10:16—John Goodman crosses cultural boundaries by asking Simon about his twists. He calls them cornrows. The unmitigated gall! The network’s lawyer played the FBLA sponsor on Veronica Mars. I love him for this.

10:19—Lucy Davis! The politics of who gets called “sir.” Fascinating.

10:20—Despite being a series regular and thus a professional comedian at the top of his field, Capital One Dude is too nervous to perform as Simon’s replacement. This may tie back into “sir” or the twists. I’m not sure.

10:22—Hollywood’s a liberal cesspool. Or is it? Harry and Matt to the rescue!

10:23—Now Harry’s surrogate mommies don’t think she’s hateful ENOUGH. The irony!

10:24—Oy.
Danny: Her only big move’s been Studio 60 and Studio 60’s working.
Jack: Is it? Look where we are now.
St.
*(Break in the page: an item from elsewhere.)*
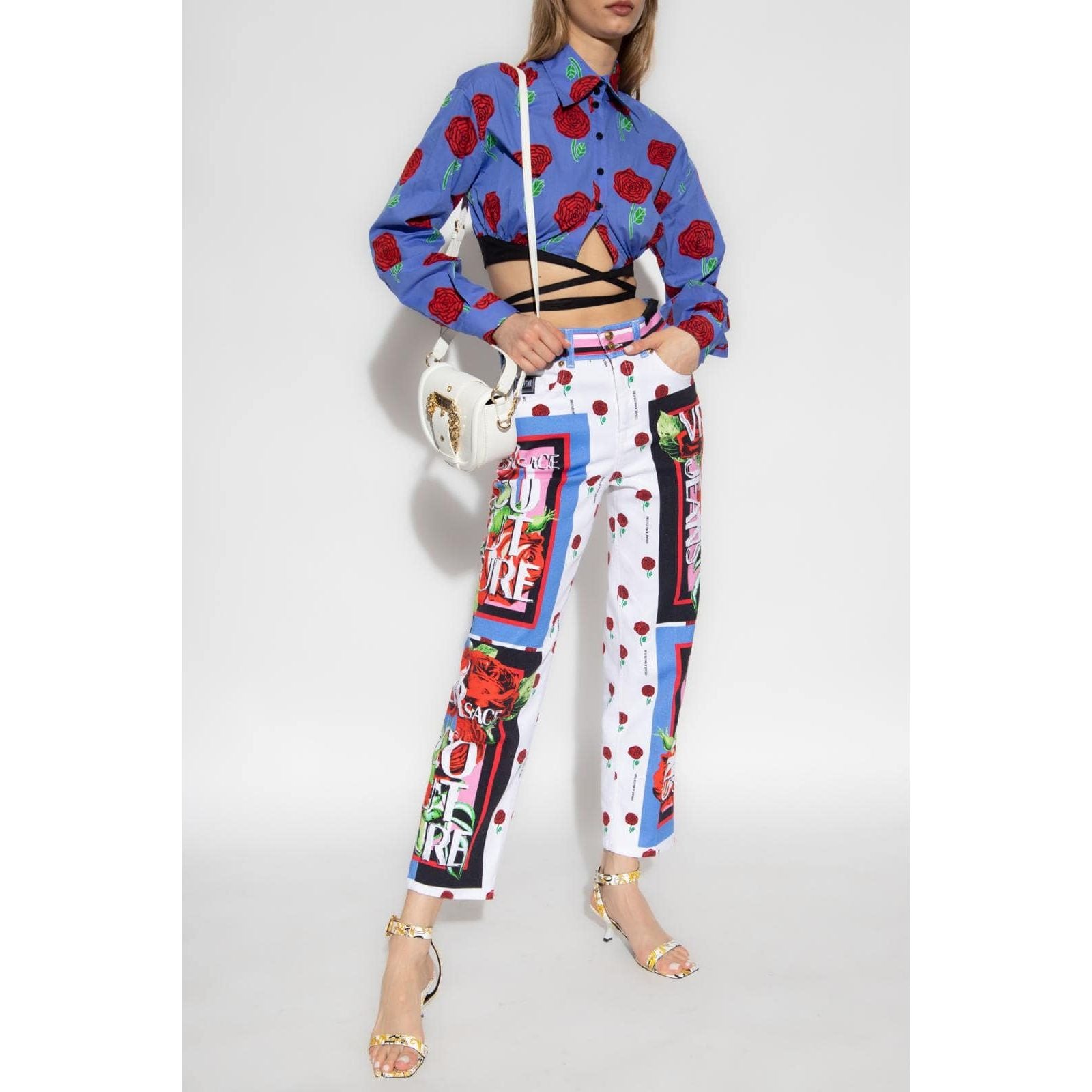 VERSACE JEANS COUTURE PATTERNED JEANS - Yooto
Clare: Yes. Look where we are.

10:30—Unfunny skit. Not even a smile. Plus, it’s racist. Matt’s a genius.

10:31—Capital One’s self-conscious about his body. I really hope we can deal with this more in-depth sometime soon. Maybe it’ll turn out he’s a cutter or he eats tubs of ice-cream and throws them up while watching that show about the UN. That would certainly demonstrate newly plumbed depths of self-hatred.
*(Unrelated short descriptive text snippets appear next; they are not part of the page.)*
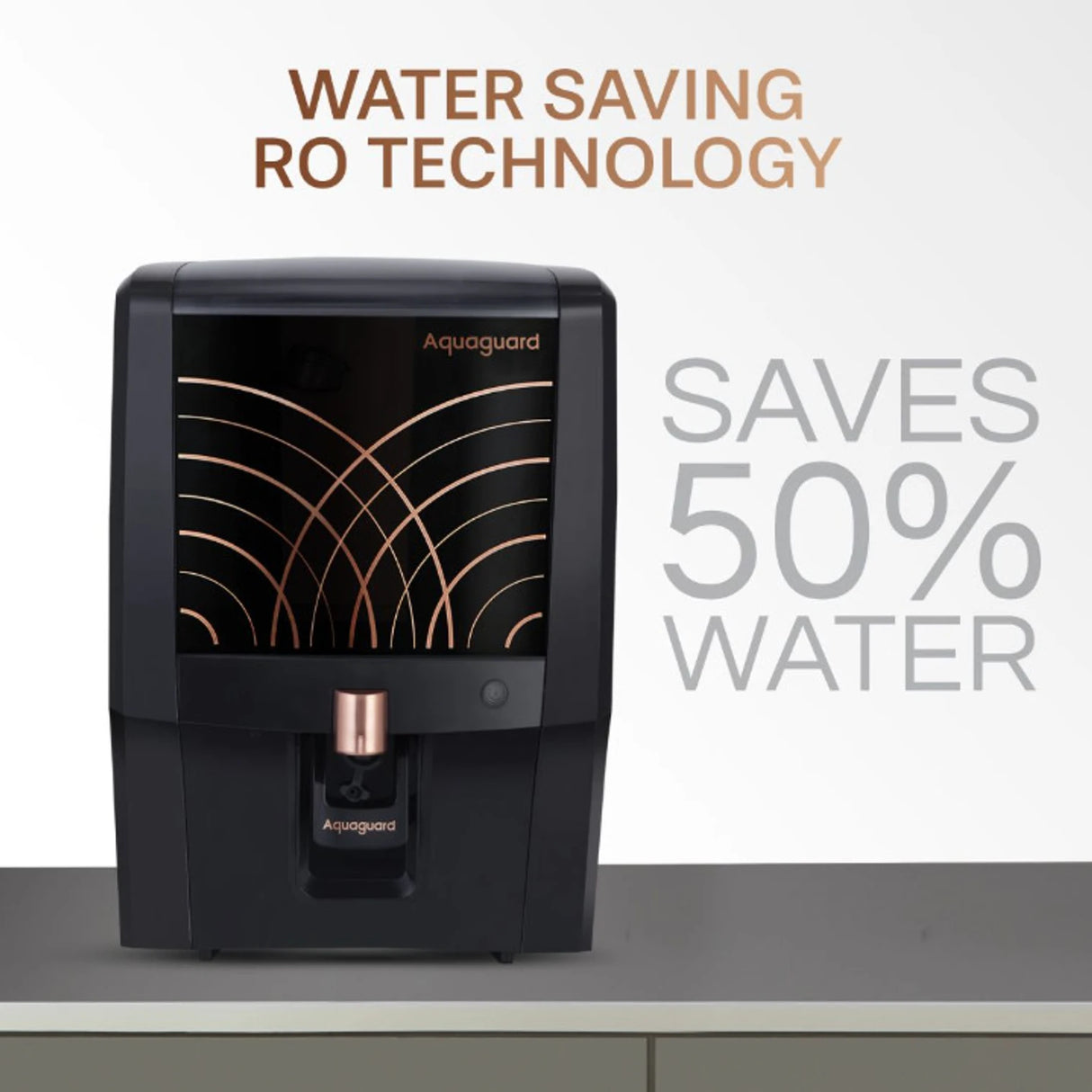 Aquaguard Enrich Enhance 2X-1 RO+UV Water Purifier 7 L – Black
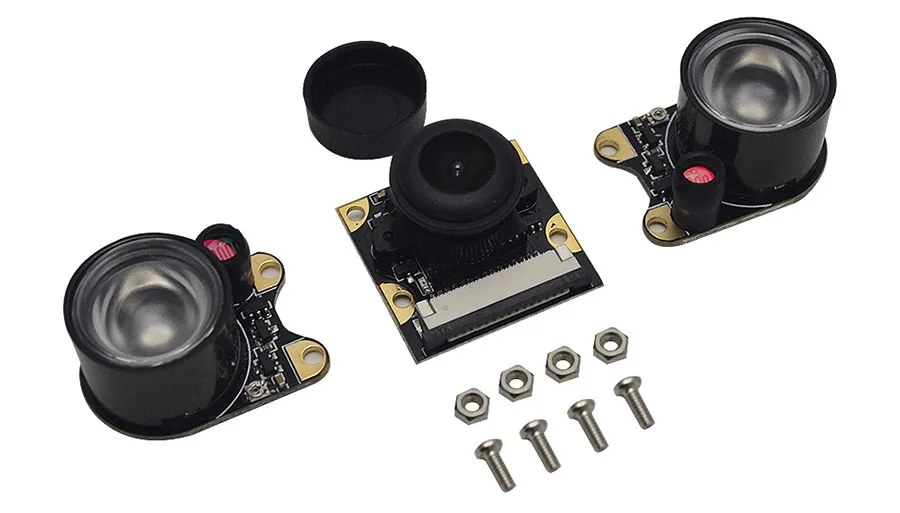 Raspberry Pi камера ночного видения рыбий глаз 5MP OV5647 регулируемая камера с фокусным расстоянием 130 градусов для Raspberry Pi 3, pi 3b разъем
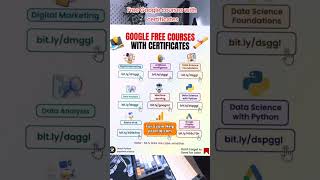 Here are free Google courses with certificates . #programming #developer #pynade #coding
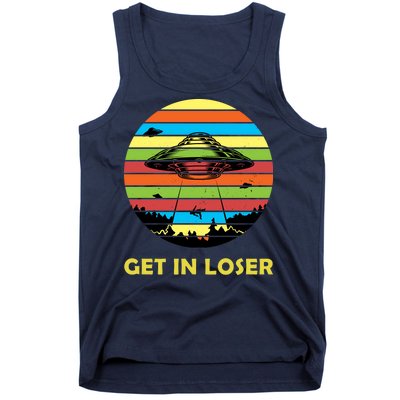 Get In Loser UFO Retro Alien Spaceship Tank Top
10:33—Much Ado About Jordan McDeere. ZZZZZZzzzzzzzzzzzzz.

10:35—John Goodman’s just a-teaching ever-body a lesson.

10:36—Tom’s little brother is an AMERICAN HERO! And his BRAVERY gets everyone off the hook. The show will go on and we’ll live to see another glorious episode.

10:38—Despite all actions to the contrary, John Goodman wants everyone to know something about Middle America not being full of Hee Haw extras. Now if everyone will turn in their textbooks to the practice quiz on page 58, we’ll get started.

10:42—Bradley Whitford, it’s too late to try to amuse me.

10:45—Capital One doesn’t want to go on even though Matt thinks that he looks very good in a very hetero way.

10:46—Lucy can’t get Ricky and Ron’s attention. I’m pretty sure that’s because they’re no longer on the show. Oh God, her sketch is awful and she’s….crying. Good God, you’re British! Stiff upper lip and all that! Damn you, Sorkin! She was the one thing that was unsullied. Women cry in the workplace. Because they’re sensitive and moody.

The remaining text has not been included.